Dichiarazione finale del XXV seminario internazionale “problemi della rivoluzione in America latina”

La lotta sociale e il ruolo della sinistra in America Latina

In America Latina e nei Caraibi è in corso un nuovo periodo di crescita della lotta dei lavoratori, dei giovani e dei popoli. Sono battaglie che esprimono l’insoddisfazione per le condizioni di vita imposte dal sistema capitalista-imperialista; sono lotte contro una serie di problemi socio-economici accumulati, che si aggravano man mano che si attuano le politiche dei governi, che non fanno altro che garantire e incrementare i tassi di profitto che ottengono le classi dominanti, a costo di maggiori livelli di sfruttamento e di oppressione delle masse lavoratrici e dei popoli.

Si può ben dire che questo è un nuovo capitolo della lotta costante che è volta a liberare i popoli dalla povertà, dai bassi salari, dalla disoccupazione, dalla mancanza di accesso all’istruzione e alla sanità pubblica, dall’emigrazione forzata, dal saccheggio della natura, dalla violenza patriarcale, dal razzismo, dalla discriminazione e dall’oppressione, in difesa della vita e della libertà.

Negli ultimi mesi del 2019 il continente è stato scosso dalle proteste in Haiti, Ecuador, Cile, Colombia, Argentina e Bolivia, che in alcuni casi hanno messo in seria difficoltà i rispettivi governi e li hanno costretti ad adottare politiche contrarie ai progetti economici e politici delle classi dominanti.

Lo scoppio della pandemia da Covid-19 ha costretto ad una tregua, ma le gravi condizioni di vita e le conseguenze tra i lavoratori e i popoli della crisi del capitalismo scoppiata all’inizio del 2020, hanno aperto le porte a un graduale rilancio della protesta sociale che, oggi, ha manifestazioni rilevanti e differenti.

La lotta del popolo colombiano è senza precedenti, oltre ad essere coraggiosa, eroica.

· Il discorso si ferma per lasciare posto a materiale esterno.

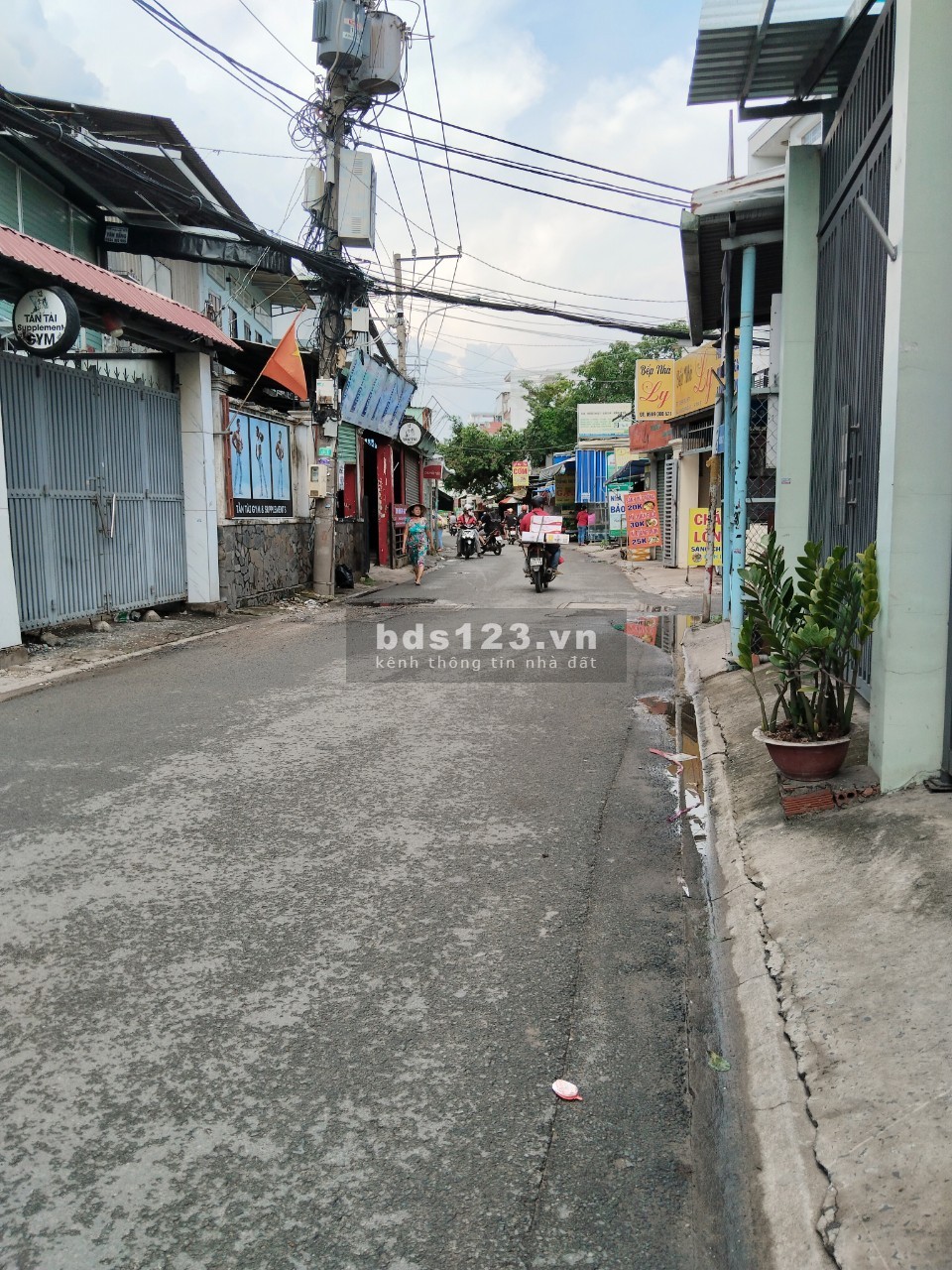 Bán nhà 72m2, hxh, oto ngủ trong sân, Phước Long B, Q9. Giá hơn 5 tỷ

Per più di sessanta giorni le strade sono state in mano al popolo in lotta, anche a costo di decine di morti, dispersi e migliaia di feriti e di maltrattamenti. Lo sconvolgimento sociale ha costretto Ivan Duque, uno dei governanti più reazionari delle Americhe, a retrocedere rispetto i suoi tentativi di applicare misure antipopolari. Con brevi intervalli, il popolo haitiano da anni lotta contro la fame, la disoccupazione, la corruzione, per i diritti politici e la democrazia, essendo vittima di una brutale repressione che ha causato la morte di molti uomini e donne, in maggior parte giovani. La mobilitazione popolare ha impedito il consolidamento del governo di estrema destra di Jeanine Áñezin in Bolivia, costringendo a un processo elettorale in cui le forze che l’hanno sostenuta sono state sconfitte. Il progetto fascista di Jair Bolsonaro non ha potuto realizzarsi a causa della mobilitazione dei lavoratori, dei giovani e del popolo, che ora agitano lo slogan “Via Bolsonaro!” che sta guadagnando terreno in tutto il Brasile. L’appello per l’Assemblea costituente in Cile ha messo radici nelle strade e nelle piazze, con la pressione di centinaia di migliaia di manifestanti che hanno messo sotto scacco tutte le istituzioni cilene. Il diritto all’aborto in Argentina non sarebbe stato possibile senza la costante mobilitazione di centinaia di migliaia di donne. La vittoria di Pedro Castillo in Peru si spiega con i milioni di operai, contadini, disoccupati, giovani e altri che hanno visto in lui l’opzione del cambiamento, un’alternativa progressista e di sinistra. Una situazione simile si è verificata in Ecuador, con la candidatura di Yaku Pérez, e solo i brogli elettorali hanno impedito la sua vittoria. Stiamo solo sottolineando le azioni più importanti, ma l’America Latina ei Caraibi sono una regione in cui i popoli si alzano e lottano alla ricerca del cambiamento sociale, desiderosi di voltare pagina e chiudere il capitolo dello sfruttamento e dell’oppressione.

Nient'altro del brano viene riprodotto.